How is $r^2$ derived in the law of gravity? I read a very interesting paper named "The true story of Newtonian gravity"(1) and started to wonder about the law of gravity and one aspect of it, namely $r^2$ in $F_{g}=G\frac{{m_1}{m_2}}{{r^2}}$.
My question is how Kepler, Newton and Cavendish derived the $r^2$ term? Did they just accept the predecessors thinking or did they somehow experimentally or by mathematics come to that conclusion?
I'm sorry if i missed something in the paper, but it got me thinking.
(1) Hecht, E. (2021). The true story of Newtonian gravity. American Journal of Physics, 89(7), 683–692. https://doi.org/10.1119/10.0003535
 A: I can't answer this from a pure historical perspective, but newton had the benefit of the observational data that Brahe had built up, along with Kepler's laws, which were good generalizations of Brahe's observational data of the motion of the planets, and I believe, were worked out by Kepler in a purely inductive way.
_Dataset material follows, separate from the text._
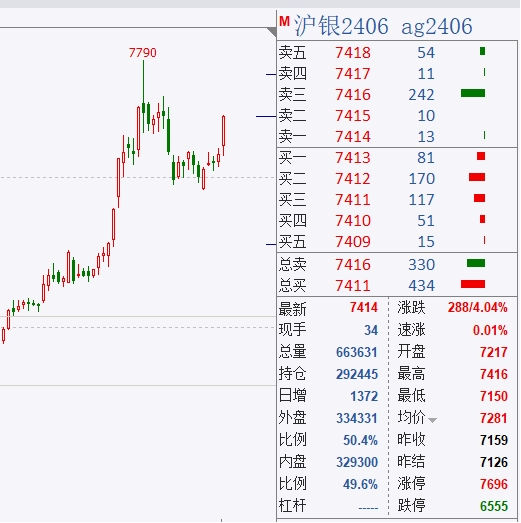 图片来源:文华财经财联社整理
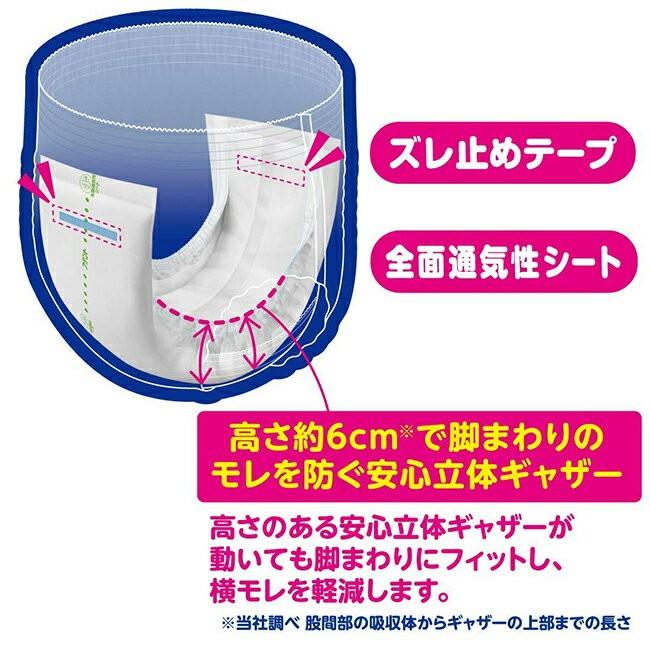 アテント Mサイズ パンツ型おむつ 16枚入り　8袋 LOHACO - アテント 大人用おむつ 夜1枚安心パンツ長時間パンツ 8回 M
Once you know the paths of the planets, you then can compute the acceleration of those paths by just taking two time derivatives.  Then, you just have to multiply by m to get the force.  Then, knowing that, it's just a matter of turning around and solving the two body problem explicitly for the inverse square force, which would then predict that the orbits had to be ellipses, and all of the rest that you know.
Note that I make this sound simple, but remember that Newton had to work out calculus, the entire framework of Newtonian mechanics first, and THEN, he also had to have the insight to realize that you could apply insights from terrestrial mechanics to the motions of the planets, which was not the general belief at the time.